Work task =
Extract the records in full, leaving every picture out.
___ Dataset content
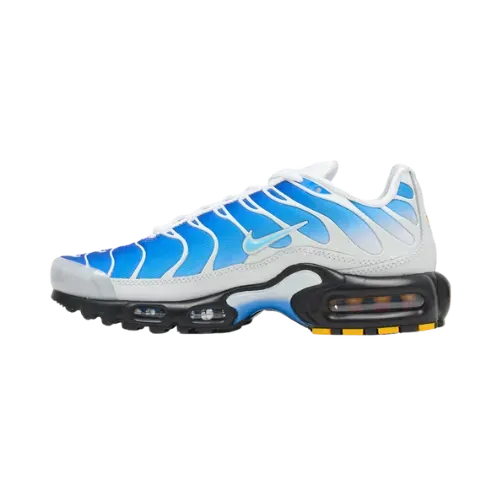 One Block Down x Nike Air Max Plus SP Azul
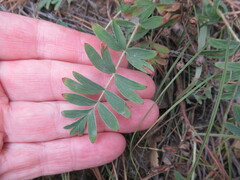 Sibbaldianthe bifurca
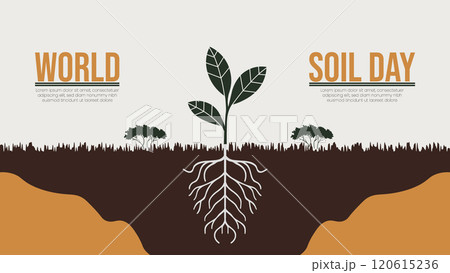 Understanding Soil Health on World Soil Day 120615236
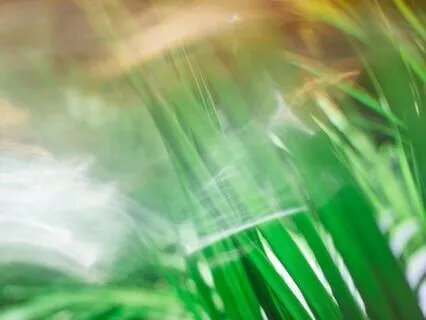 Breath Awareness Practice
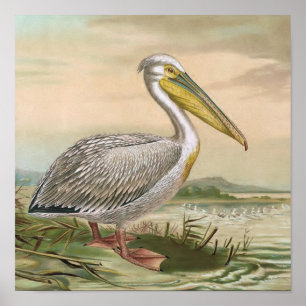 Grote  vogel van Pelican Poster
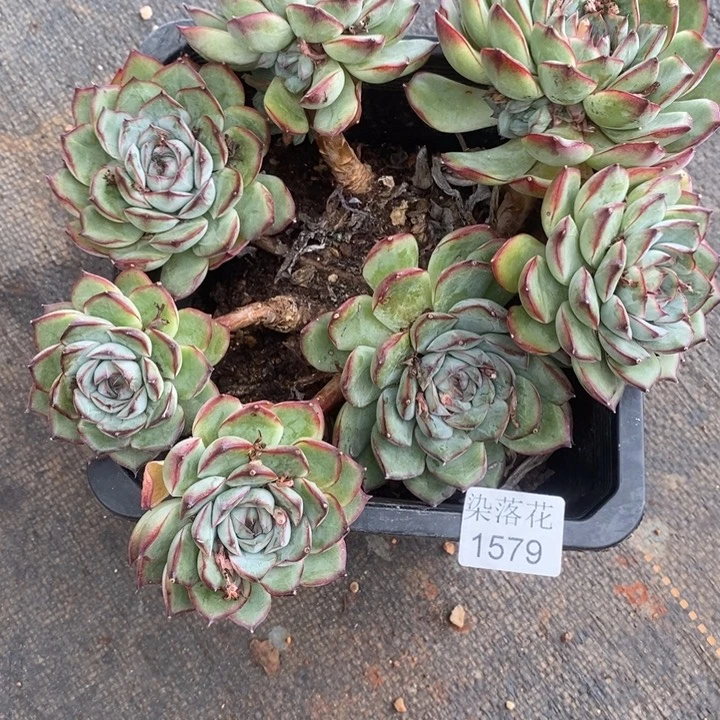 微***精品多肉植物1579瑕疵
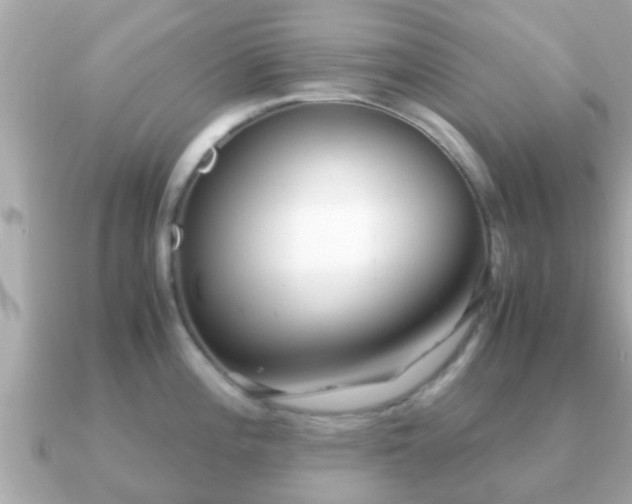 X0000091101196200708131100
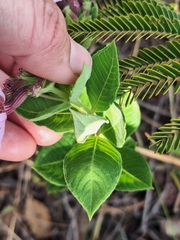 Cuphea spermacoce (Cuphea spermacoce)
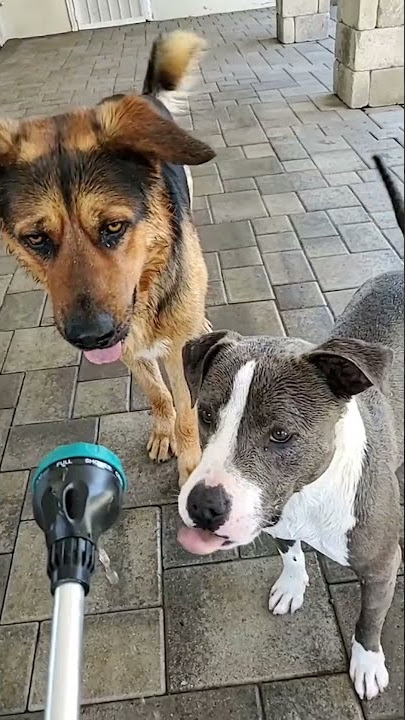 Cute Dogs Playing with Hose - Funny Dog Videos 🐾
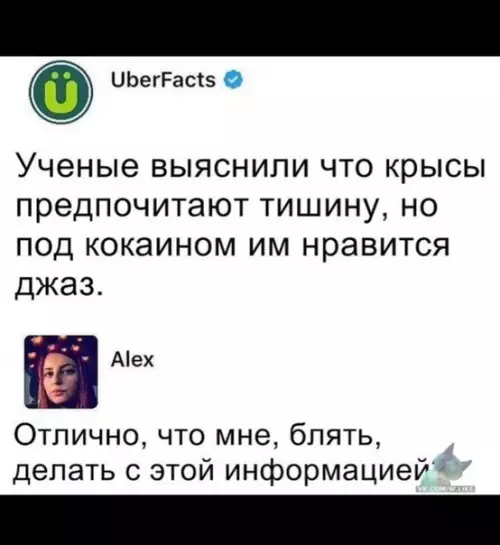 Смешная картинка №331591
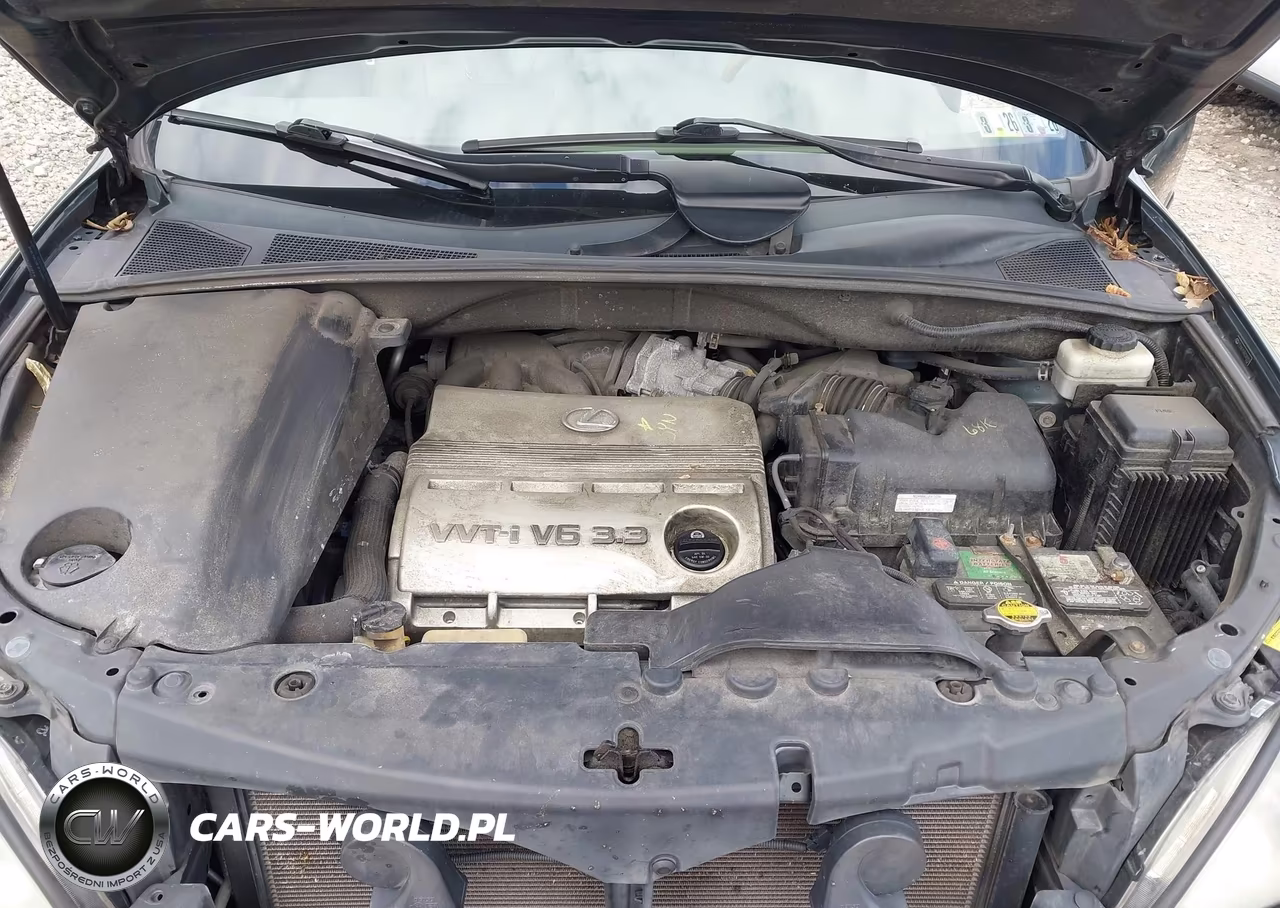 2006 Lexus Rx 330 VIN:2T2HA31UX6C089959 - 10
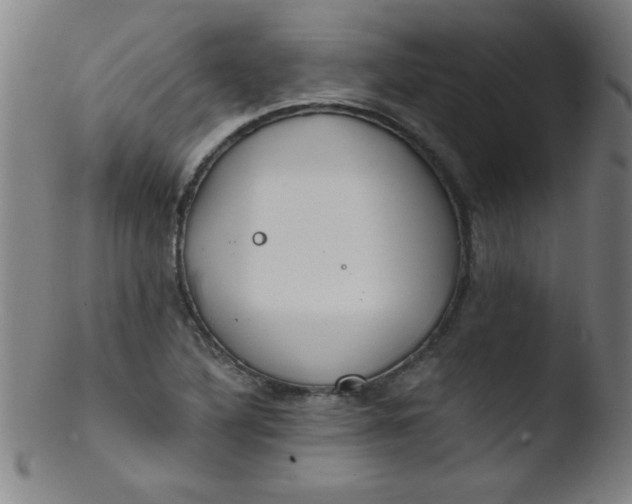 X0000103471316200809261855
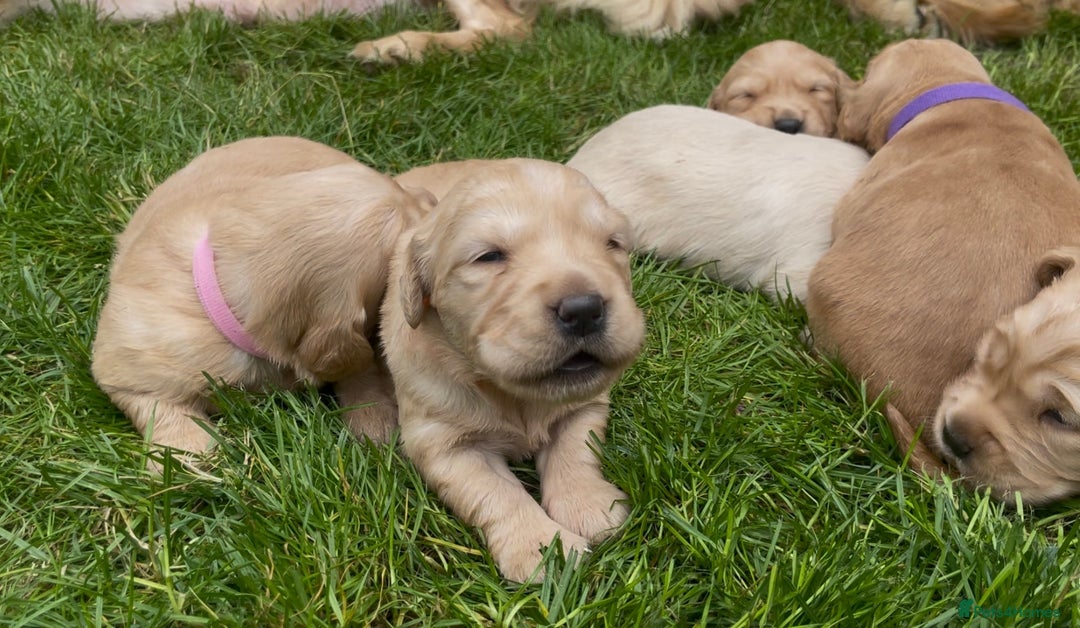 Golden Retriever dogs for sale: OUTSTANDING PEDIGREE GOLDEN RETRIVER PUPPIES KC - Image 13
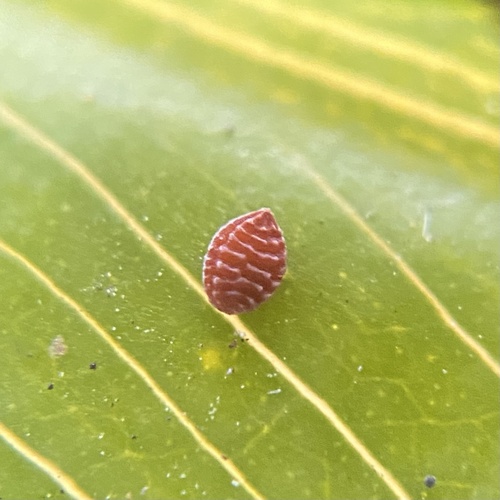 Foto de Trevo-de-quatro-folhas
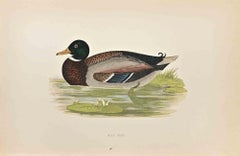 Wild Duck - Woodcut Print by Alexander Francis Lydon  - 1870
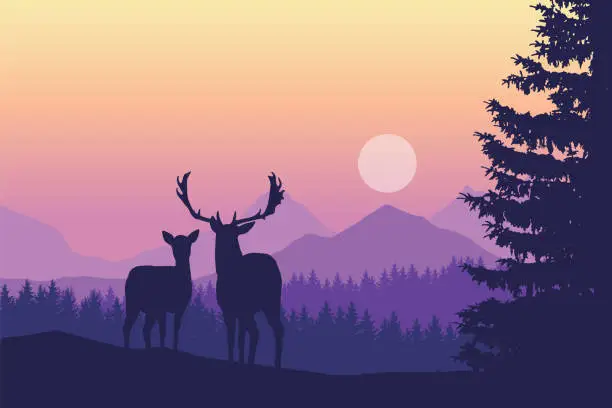 Vector illustration of Two deer standing in coniferous forest under mountains and yellow purple sky - vector, with space for text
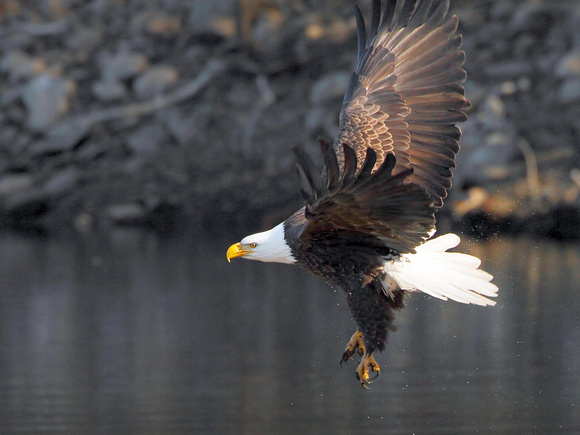 Bald Eagle (Haliaeetus leucocephalus) Take-off, Female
______
Answer to this task =
 One Block Down x Nike Air Max Plus SP Azul
 Sibbaldianthe bifurca
 Understanding Soil Health on World Soil Day 120615236
 Breath Awareness Practice
 Grote  vogel van Pelican Poster
 微***精品多肉植物1579瑕疵
 X0000091101196200708131100
 Cuphea spermacoce (Cuphea spermacoce)
 Cute Dogs Playing with Hose - Funny Dog Videos 🐾
 Смешная картинка №331591
 2006 Lexus Rx 330 VIN:2T2HA31UX6C089959 - 10
 X0000103471316200809261855
 Golden Retriever dogs for sale: OUTSTANDING PEDIGREE GOLDEN RETRIVER PUPPIES KC - Image 13
 Foto de Trevo-de-quatro-folhas
 Wild Duck - Woodcut Print by Alexander Francis Lydon  - 1870
 Vector illustration of Two deer standing in coniferous forest under mountains and yellow purple sky - vector, with space for text
 Bald Eagle (Haliaeetus leucocephalus) Take-off, Female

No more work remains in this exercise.